In a previous blog post I've covered Laravel's new Mailable feature, which introduces some important changes to how we send mail in Laravel. I'd recommend at least skimming it if you haven't read it yet. In short, the preferred mail syntax is no longer sending mail using the "classic" mail closures, but instead creating a "Mailable" class for each message you want to send—for example, the "WelcomeNewUser" mailable class.

In Laravel 5.3, we have another new feature for communicating with our users: Notifications.

Think about any message that you want to send to your users where you may not care about how they receive the message. A password reset notification, maybe, or a "you have new changes to review" notification, or "Someone added you as a friend." None of these are specifically better as emails; they may be just fine as SMS messages, Slack notifications, in-app popups, or myriad other means of notifications.

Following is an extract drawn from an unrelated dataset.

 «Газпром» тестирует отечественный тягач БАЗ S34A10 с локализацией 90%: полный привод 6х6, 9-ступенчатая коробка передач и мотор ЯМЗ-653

Laravel 5.3's Notification system makes it easy to set up a single class for each notification (e.g. "WorkoutAssigned") which describes how to notify users of the same message using many different communication mediums, and also how to choose which medium to use for each user.

Creating our first notification

As always, we'll use an Artisan command to create our notifications:

php artisan make:notification WorkoutAssigned

It'll create our file at app/Notifications/WorkoutAssigned.php, and it will look like this:

<?php

namespace App\Notifications;

use Illuminate\Bus\Queueable;
use Illuminate\Notifications\Notification;
use Illuminate\Contracts\Queue\ShouldQueue;
use Illuminate\Notifications\Messages\MailMessage;

class WorkoutAssigned extends Notification
{
    use Queueable;

    /**
     * Create a new notification instance.
     *
     * @return void
     */
    public function __construct()
    {
        //
    }

    /**
     * Get the notification's delivery channels.
     *
     * @param  mixed  $notifiable
     * @return array
     */
    public function via($notifiable)
    {
        return ['mail'];
    }

    /**
     * Get the mail representation of the notification.
     *
     * @param  mixed  $notifiable
     * @return \Illuminate\Notifications\Messages\MailMessage
     */
    public function toMail($notifiable)
    {
        return (new MailMessage)
                    ->line('The introduction to the notification.')
                    ->action('Notification Action', 'https://laravel.com')
                    ->line('Thank you for using our application!');
    }

    /**
     * Get the array representation of the notification.
     *
     * @param  mixed  $notifiable
     * @return array
     */
    public function toArray($notifiable)
    {
        return [
            //
        ];
    }
}

The Anatomy of a Notification

Let's take a look at what we have here. First, the constructor, where we'll inject any relevant data.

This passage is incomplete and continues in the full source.